What the exercise asks:
Make an exact copy of the lines from the one containing "BALLY 발리 빈티지 브이넥 니트" through the end of the records below, and leave out every picture.

Supplied material: Begin

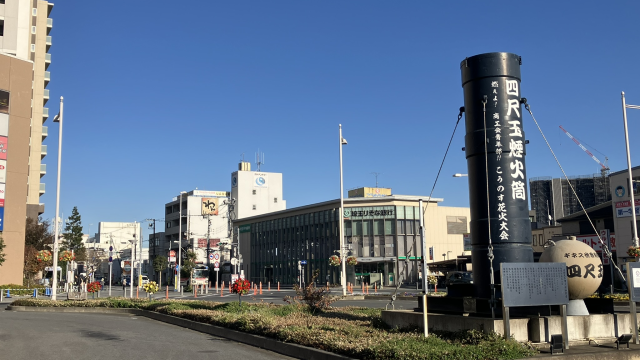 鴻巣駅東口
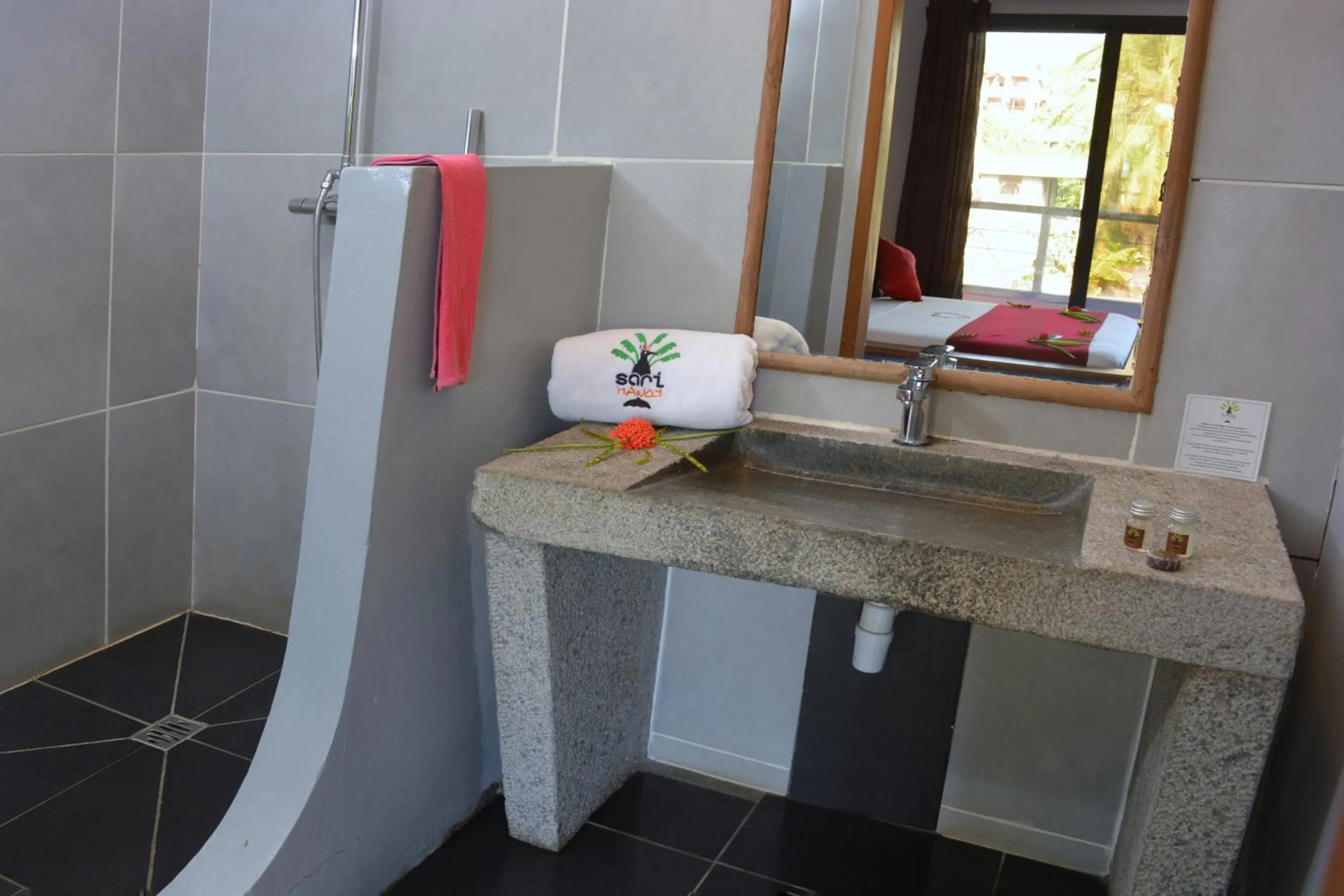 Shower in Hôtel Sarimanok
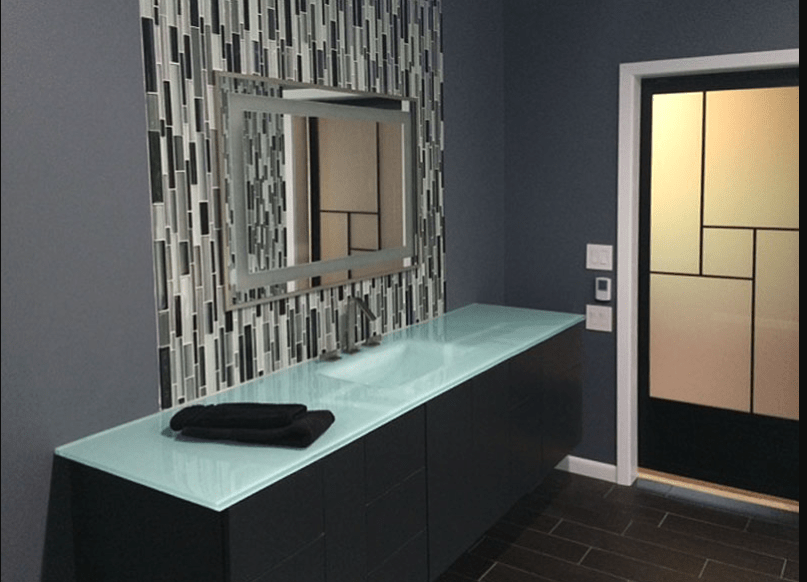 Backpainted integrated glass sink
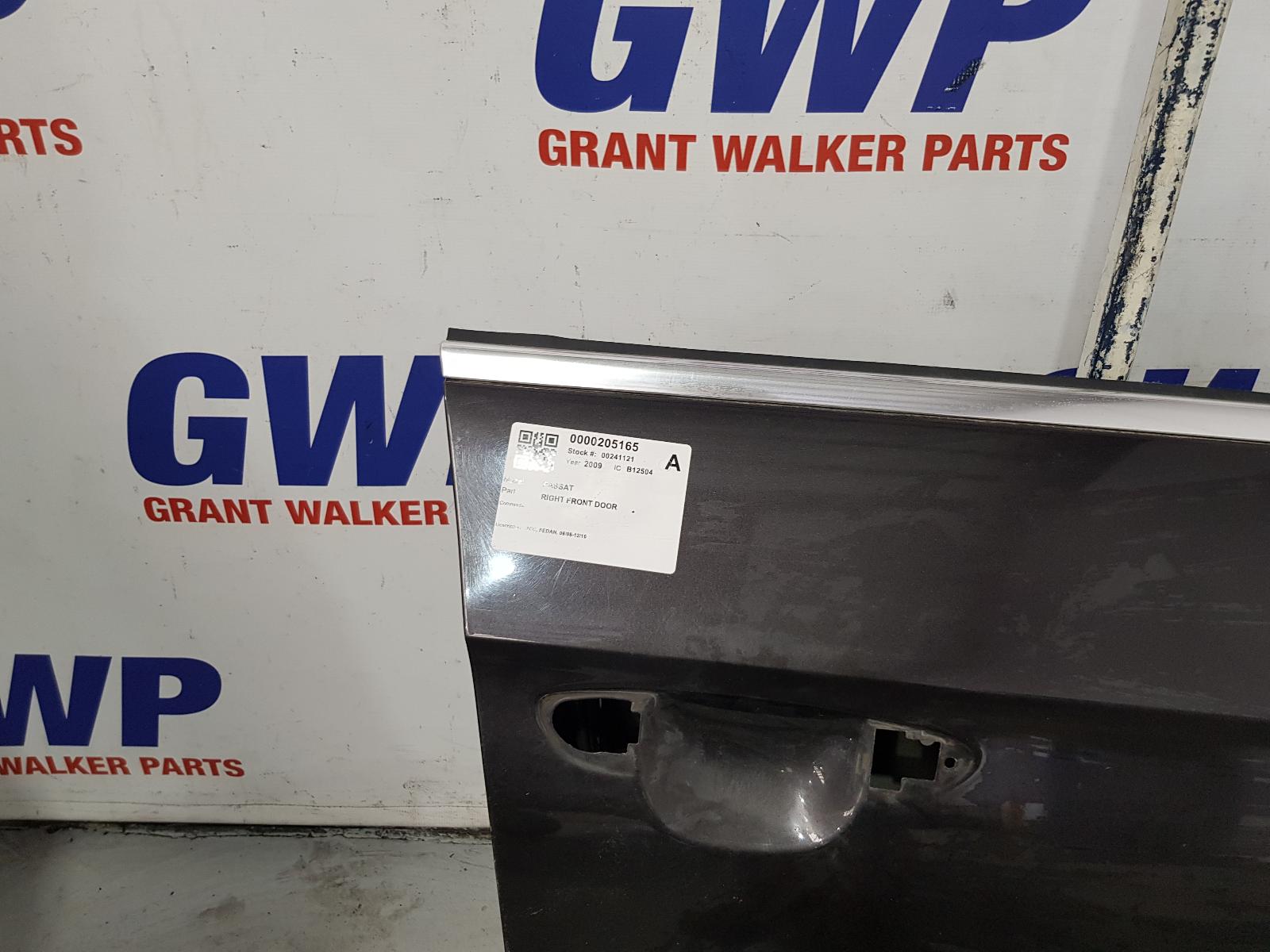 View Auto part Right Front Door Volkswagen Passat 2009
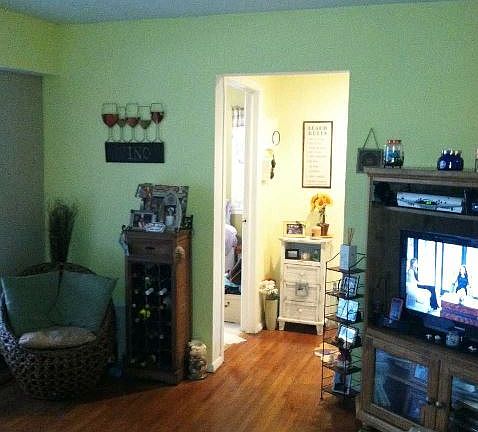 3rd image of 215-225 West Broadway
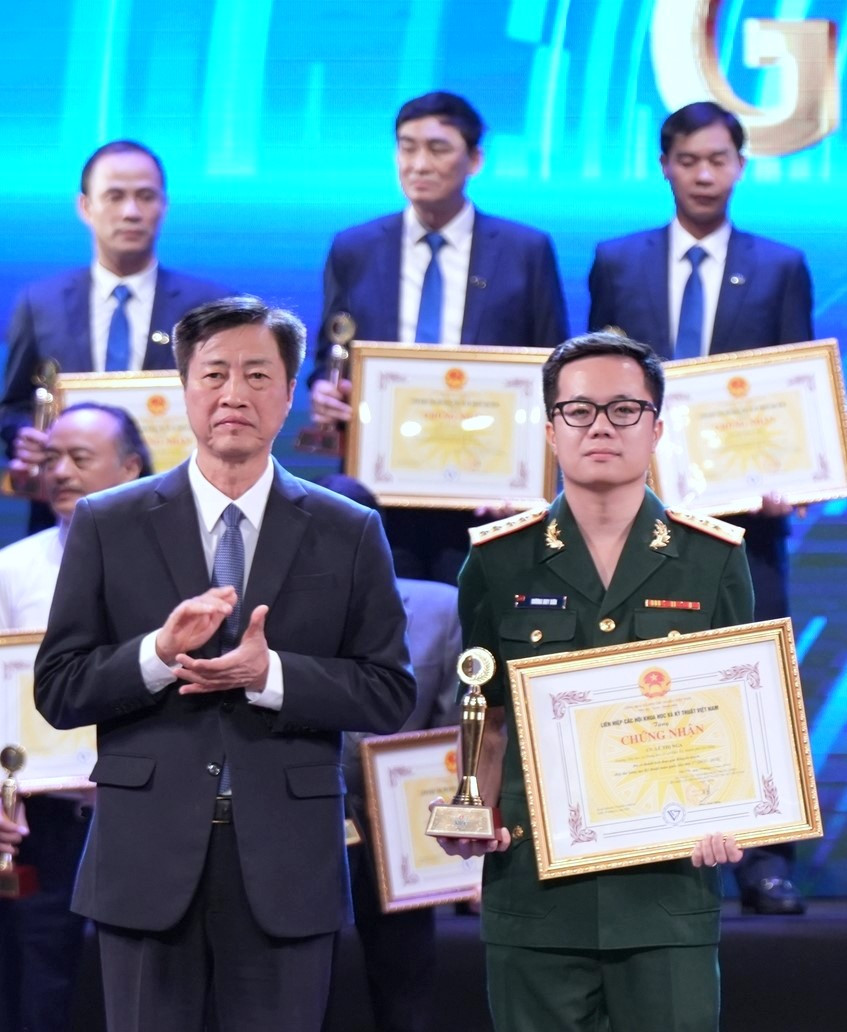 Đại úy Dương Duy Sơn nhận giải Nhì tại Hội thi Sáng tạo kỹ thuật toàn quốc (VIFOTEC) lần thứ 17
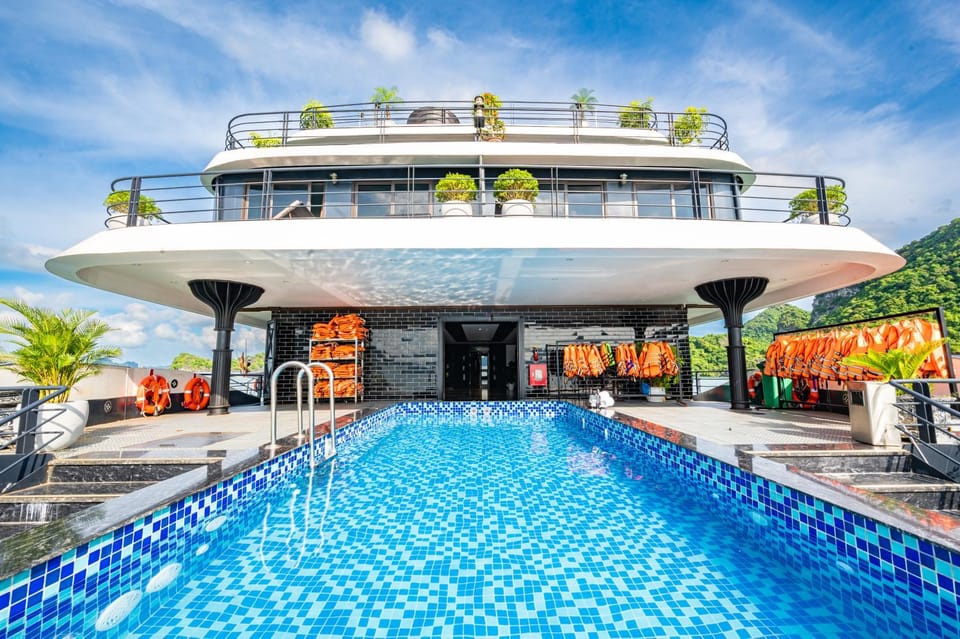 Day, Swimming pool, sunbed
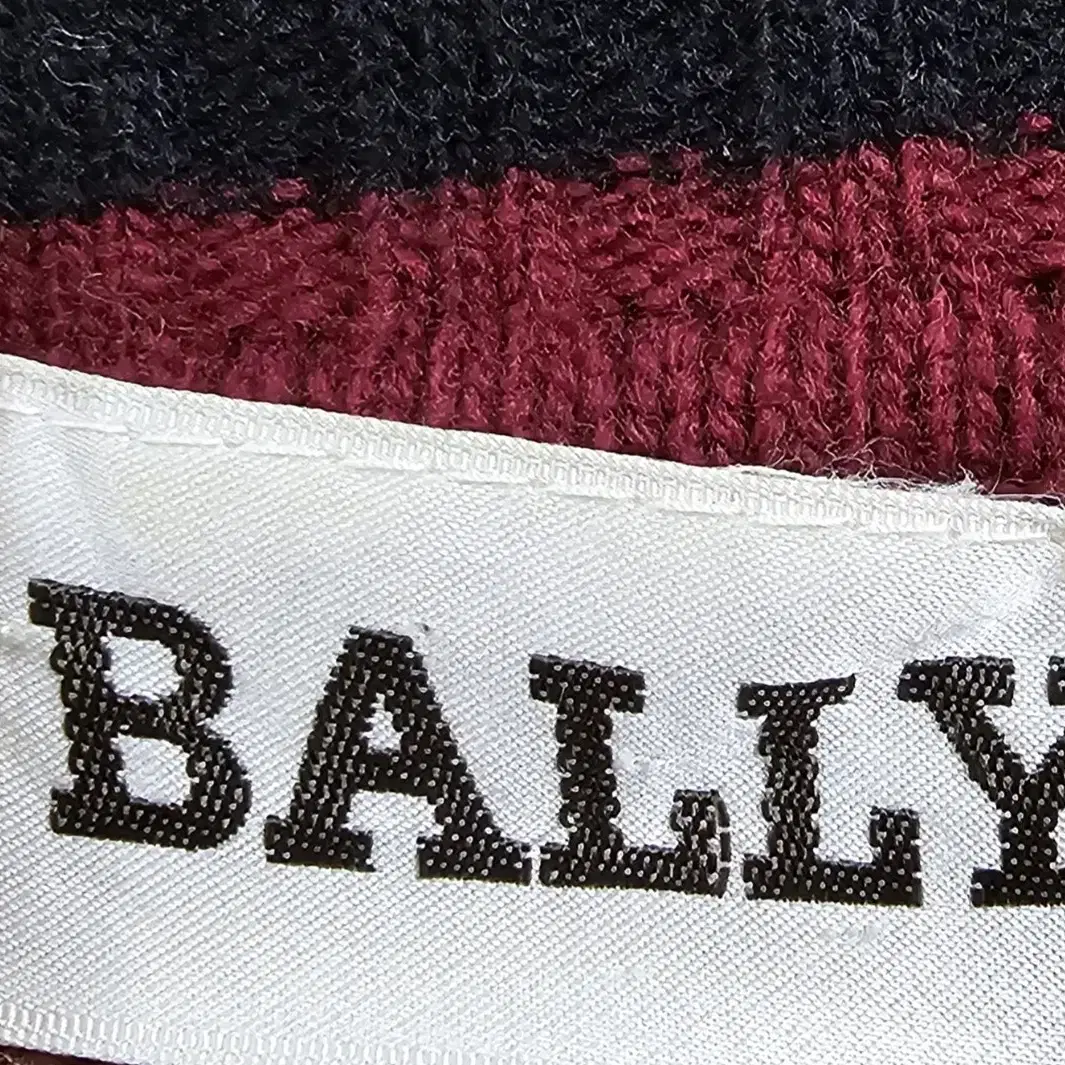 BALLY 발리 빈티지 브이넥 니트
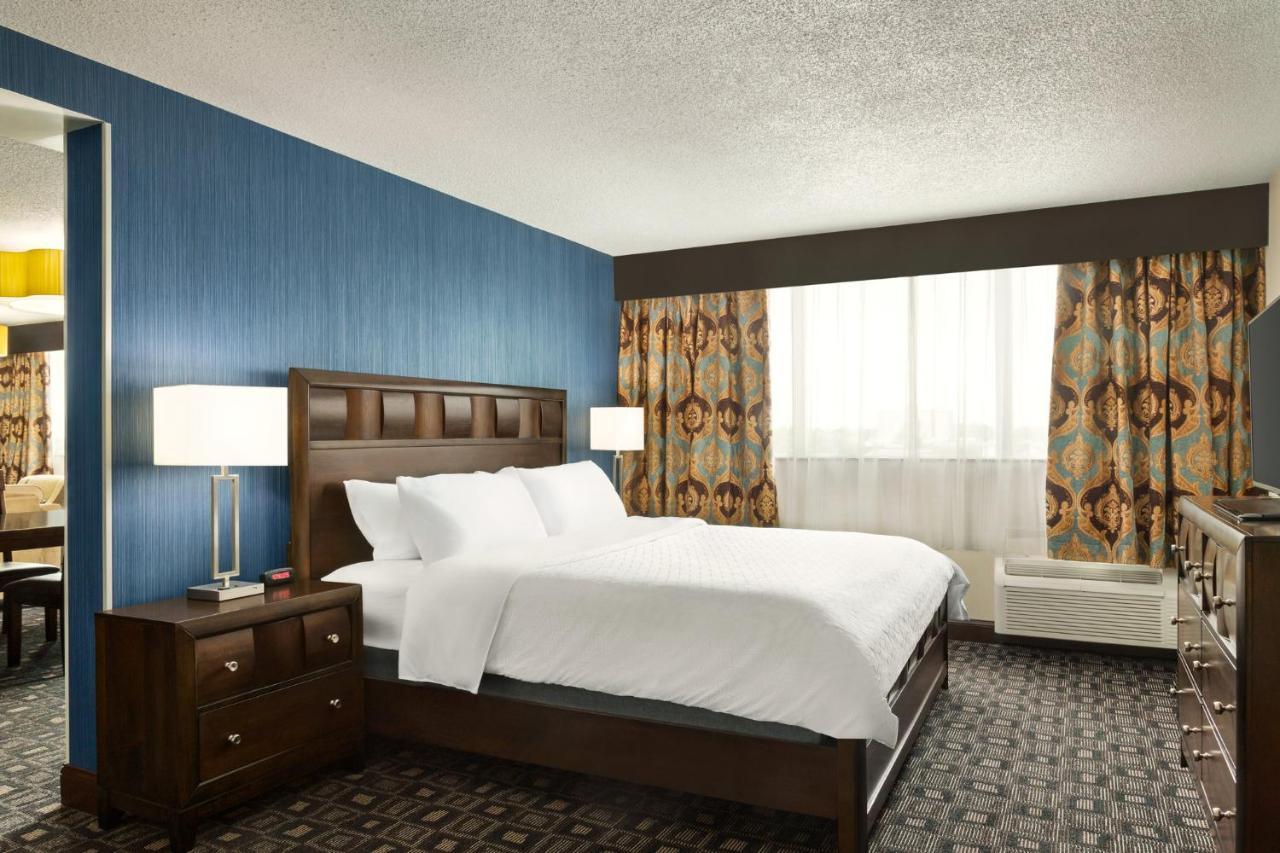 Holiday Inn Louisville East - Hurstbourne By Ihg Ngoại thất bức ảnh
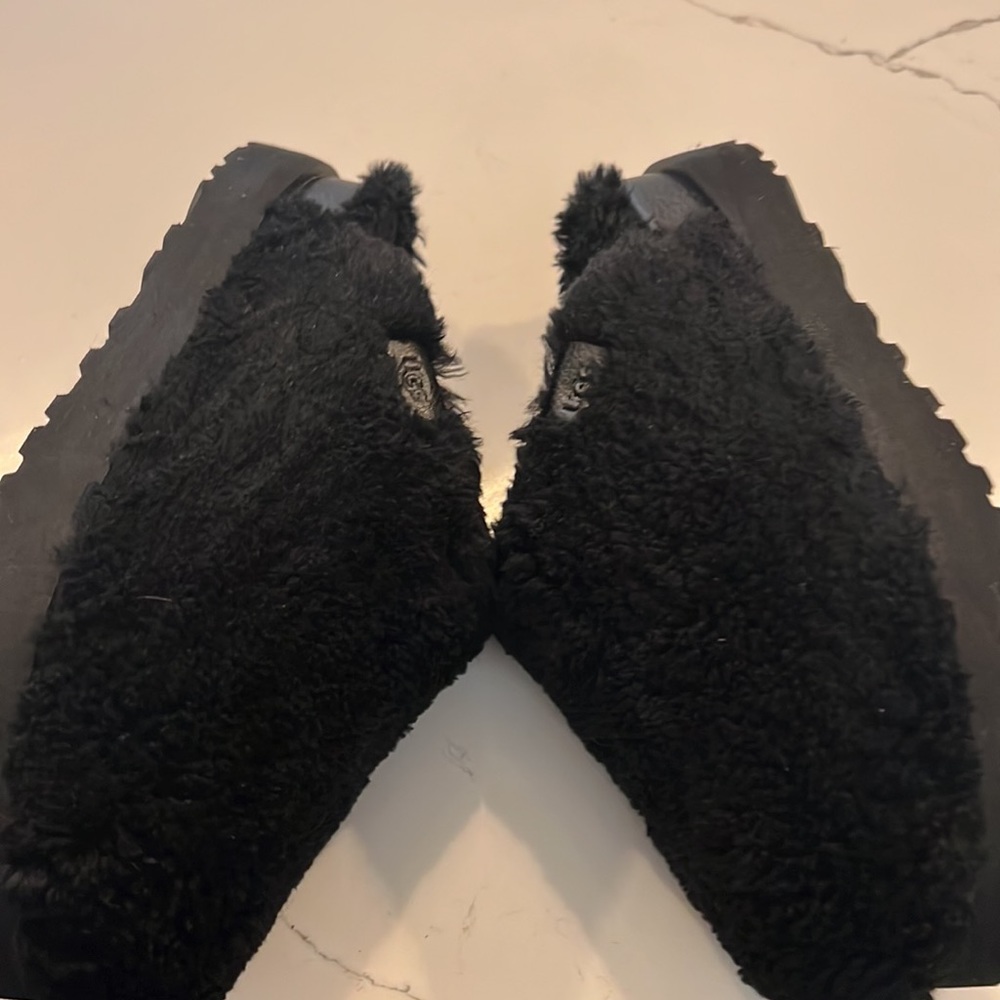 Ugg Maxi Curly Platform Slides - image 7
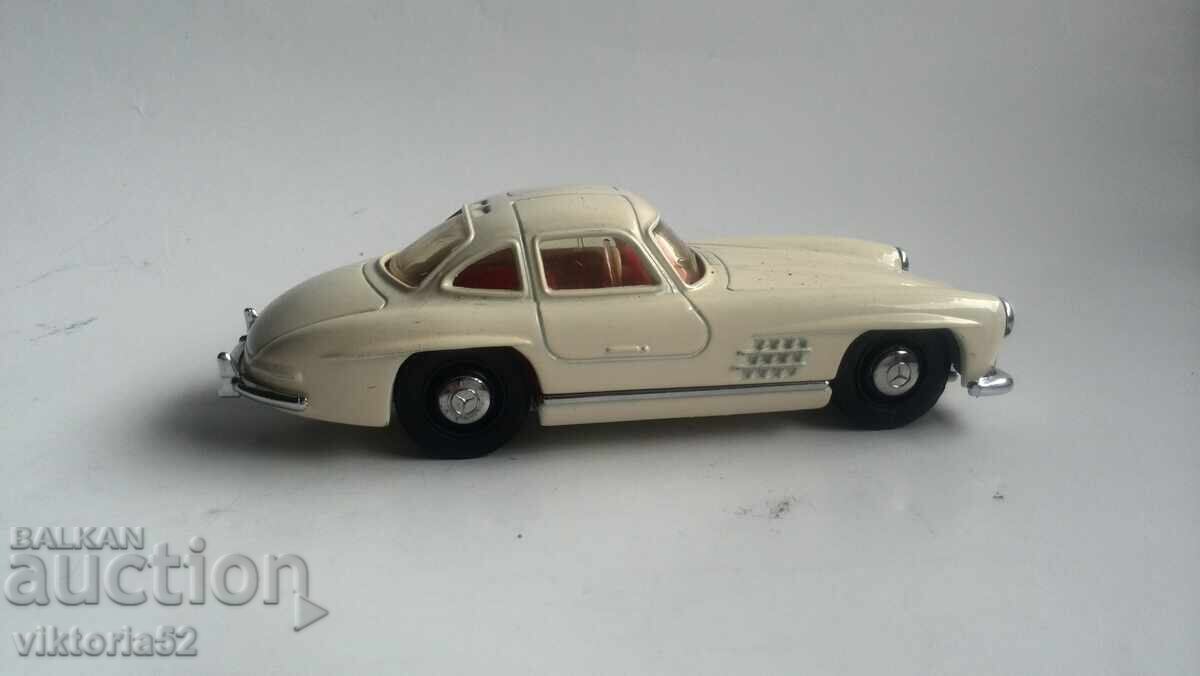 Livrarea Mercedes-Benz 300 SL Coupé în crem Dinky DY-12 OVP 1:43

Supplied material: End

Exercise response:
 BALLY 발리 빈티지 브이넥 니트
 Holiday Inn Louisville East - Hurstbourne By Ihg Ngoại thất bức ảnh
 Ugg Maxi Curly Platform Slides - image 7
 Livrarea Mercedes-Benz 300 SL Coupé în crem Dinky DY-12 OVP 1:43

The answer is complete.